Originally Posted by Synthea™
The counselors she spoke to right after she came home said she didn't need any counseling for it. When I said she's fine, I meant to type, she's not been negatively effected by that. That's why I never brought it up in this thread until another poster mentioned it. It doesn't apply here.
Her anger I'm sure does stem from a build of of various things, but what I think, assume, or dismiss as being or not being the problem doesn't matter. I don't tell her I think those things and what I think doesn't stop me from seeking help for her. I apologize, I got too open with details in this thread, and too open without properly explaining some things, I often unable to type out what I'm trying to say, what I'm thinking. My being presumptuous or not doesn't matter as I'm getting her help as soon as I can find it.
I totally understand not being able to type what you are thinking. I think we all struggle with that. And of course in this type of situation, it's never possible to include all of the details in the first, or even subsequent posts. That's one of the problems with internet discussions - that people respond to what you say before you've said it all. And of course since it's not in real time, it often takes a while for clarification on both sides.
I think it's wonderful that you have come here to get suggestions and just air what is going on. Certainly you acknowledge that she's not fine or you wouldn't be posting. I know you that, I just wanted to state it clearly. And you've already said that you are going to try to get her help, whatever is going on with her. My point is simply that you can't say what is or isn't contributing to her emotional issues. The counselor might not even be able to get to them. But I think it's a mistake to dismiss incidents like the ones discussed, even if it seems like they aren't affecting her. My mother made a lot of assumptions about what I was feeling, and why, but most of them were wrong. I don't blame her for making them - she had to try to find a reason.

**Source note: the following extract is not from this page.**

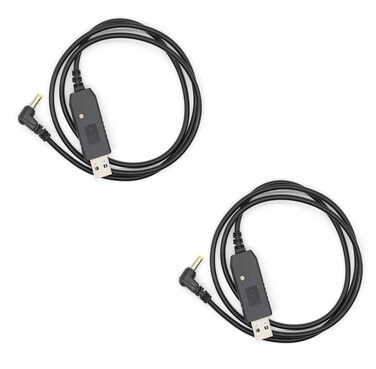 (2PCS) UV-5R USB Charger Cable UV-5R USB Charging Cable (2.5mm) [New Version 2025 ] for BaoFeng UV-5R UV-82 BF-F8HP UV-82HP UV-5X3 UV-5RE UV-S9 UV-9S Cable with Indicator Light(Not for Charging Base)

Even in counseling, the root of her issues may not come to light. But if the counselor is good, he/she should be able to give her tools to deal with how she is feeling in a more productive way, even if the source of them is not dealt with until she is older.

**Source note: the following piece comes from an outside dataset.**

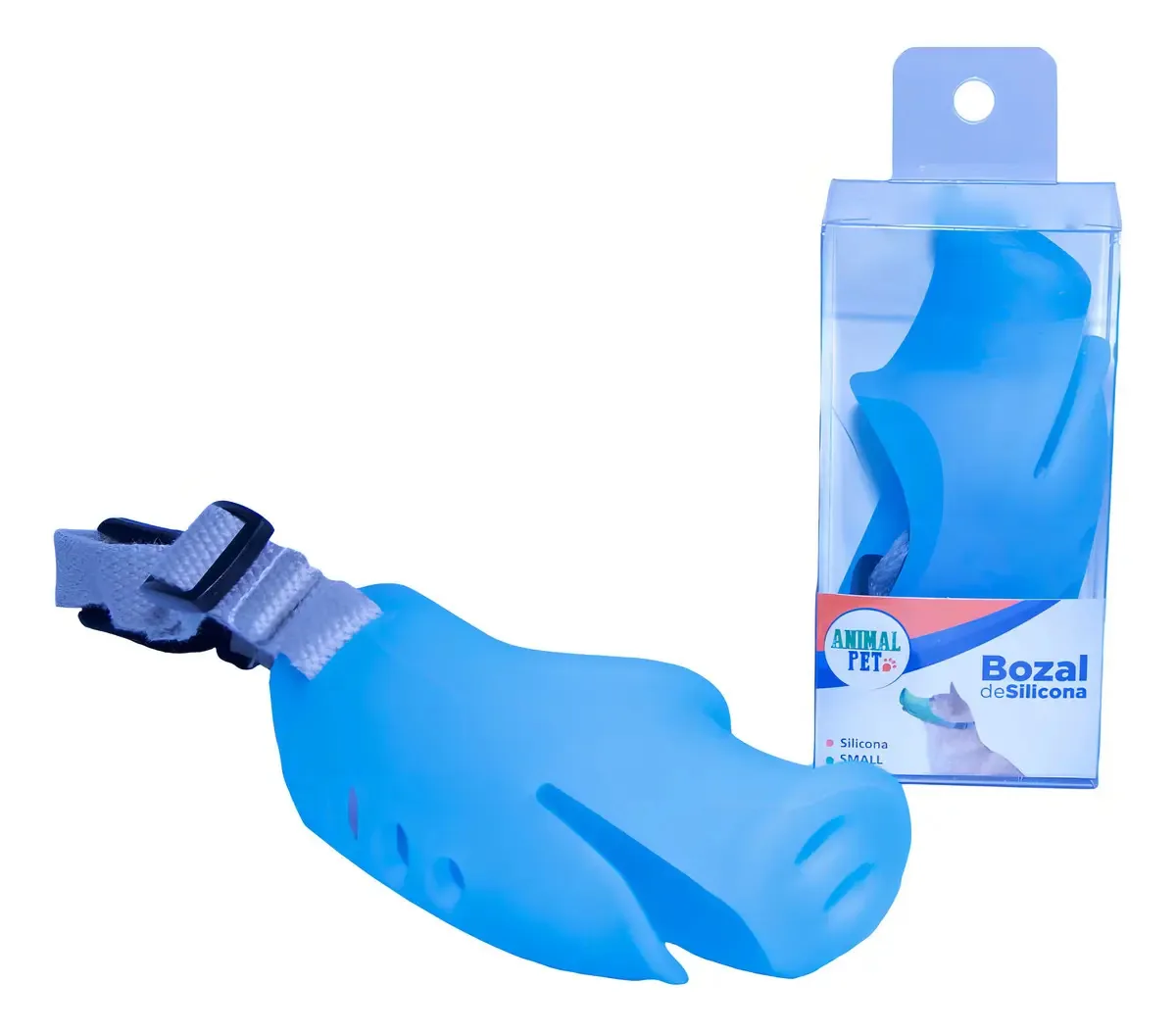 Focinho médio de silicone Animal Pet Celeste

I was in therapy as a 17 yo for a variety of depression/anger issues. I had the urge to do some of the things your daughter does, but I controlled it. Instead of smashing the wall, I threw socks, or turned up my music really loud. So it didn't seem as urgent to my mother, as it does to you. The therapy really helped, mostly I think, because the personality of the therapist really went well with mine, and I was able to listen to her thoughts and suggestions with a totally open mind, even if they weren't always right. I think I avoided getting into serious self-destructive behavior because of it. (I engaged in some, but not too much.)
However, the therapist never found out what the cause of my issues were because I didn't even understand them myself. Now I happened to be raised in a cult which caused a huge variety of issues as the cult was misogynistic, brainwashy (in a always-be-happy, don't discuss anything negative way) very controlling, secretive, homophobic, etc. And I didn't realize that most of the problems with my mother (which is what started the counseling) were reflections of what the cult had done to her, and to me. It was only about 6 years ago that I was able to address those issues with myself and with my mother.
Certainly your life is different than this. But my point is just that even if you can't figure out what is going on with her, therapy can still really help. I am eternally thankful for the time I had with my therapist, even though it was so many years later that I "solved" the issues.